Supplied data:
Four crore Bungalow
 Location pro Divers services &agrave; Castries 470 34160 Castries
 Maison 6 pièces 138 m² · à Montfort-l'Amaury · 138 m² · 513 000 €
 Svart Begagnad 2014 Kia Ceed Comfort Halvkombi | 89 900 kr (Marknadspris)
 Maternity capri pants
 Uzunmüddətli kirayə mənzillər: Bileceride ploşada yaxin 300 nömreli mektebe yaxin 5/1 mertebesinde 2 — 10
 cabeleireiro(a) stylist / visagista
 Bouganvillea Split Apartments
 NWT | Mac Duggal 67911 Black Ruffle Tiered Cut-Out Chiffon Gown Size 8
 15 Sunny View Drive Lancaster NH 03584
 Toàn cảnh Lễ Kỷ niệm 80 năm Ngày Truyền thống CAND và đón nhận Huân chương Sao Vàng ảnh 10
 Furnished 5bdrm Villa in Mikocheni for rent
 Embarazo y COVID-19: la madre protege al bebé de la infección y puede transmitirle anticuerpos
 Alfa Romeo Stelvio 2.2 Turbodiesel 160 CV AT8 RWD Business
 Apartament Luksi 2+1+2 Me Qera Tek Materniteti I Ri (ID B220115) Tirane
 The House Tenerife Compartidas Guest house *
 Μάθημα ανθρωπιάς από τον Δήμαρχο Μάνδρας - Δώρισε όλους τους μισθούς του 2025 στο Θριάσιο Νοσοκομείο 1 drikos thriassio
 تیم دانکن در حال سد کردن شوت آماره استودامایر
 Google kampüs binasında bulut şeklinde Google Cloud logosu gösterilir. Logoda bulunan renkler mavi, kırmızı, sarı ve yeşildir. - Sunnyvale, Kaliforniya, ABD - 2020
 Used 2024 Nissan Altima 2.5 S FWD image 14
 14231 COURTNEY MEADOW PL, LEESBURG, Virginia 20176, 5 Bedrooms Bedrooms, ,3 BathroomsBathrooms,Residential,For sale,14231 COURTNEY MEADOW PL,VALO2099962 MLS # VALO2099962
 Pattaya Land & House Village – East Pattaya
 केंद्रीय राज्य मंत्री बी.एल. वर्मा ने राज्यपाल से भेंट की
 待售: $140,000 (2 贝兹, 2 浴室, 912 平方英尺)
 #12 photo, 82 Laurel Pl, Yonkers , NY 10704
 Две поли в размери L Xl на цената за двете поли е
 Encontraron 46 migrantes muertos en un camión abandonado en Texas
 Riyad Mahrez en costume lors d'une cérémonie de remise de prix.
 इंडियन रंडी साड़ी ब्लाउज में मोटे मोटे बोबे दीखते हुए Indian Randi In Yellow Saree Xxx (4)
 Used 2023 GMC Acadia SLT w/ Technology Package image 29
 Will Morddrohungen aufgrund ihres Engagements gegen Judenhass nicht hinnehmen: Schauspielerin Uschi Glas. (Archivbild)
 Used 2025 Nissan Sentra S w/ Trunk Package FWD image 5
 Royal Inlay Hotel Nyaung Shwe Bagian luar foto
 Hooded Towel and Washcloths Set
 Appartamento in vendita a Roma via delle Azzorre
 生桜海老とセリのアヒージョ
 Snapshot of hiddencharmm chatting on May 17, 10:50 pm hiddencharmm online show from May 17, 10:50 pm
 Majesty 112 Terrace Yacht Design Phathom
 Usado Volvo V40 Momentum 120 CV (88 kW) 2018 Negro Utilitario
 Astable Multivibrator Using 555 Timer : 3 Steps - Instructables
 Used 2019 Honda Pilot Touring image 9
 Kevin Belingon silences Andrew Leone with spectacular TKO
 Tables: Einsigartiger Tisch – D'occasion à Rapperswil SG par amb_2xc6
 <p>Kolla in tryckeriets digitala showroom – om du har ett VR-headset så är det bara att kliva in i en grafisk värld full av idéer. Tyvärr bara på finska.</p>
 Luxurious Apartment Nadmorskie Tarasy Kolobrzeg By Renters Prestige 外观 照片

What is required:
Above are the records. Copy the lines beginning at the one that has "تیم دانکن در" and ending with the one that has "Used 2024 Nissan Altima 2.5 S FWD image 14", unchanged.

Response to the task:
 تیم دانکن در حال سد کردن شوت آماره استودامایر
 Google kampüs binasında bulut şeklinde Google Cloud logosu gösterilir. Logoda bulunan renkler mavi, kırmızı, sarı ve yeşildir. - Sunnyvale, Kaliforniya, ABD - 2020
 Used 2024 Nissan Altima 2.5 S FWD image 14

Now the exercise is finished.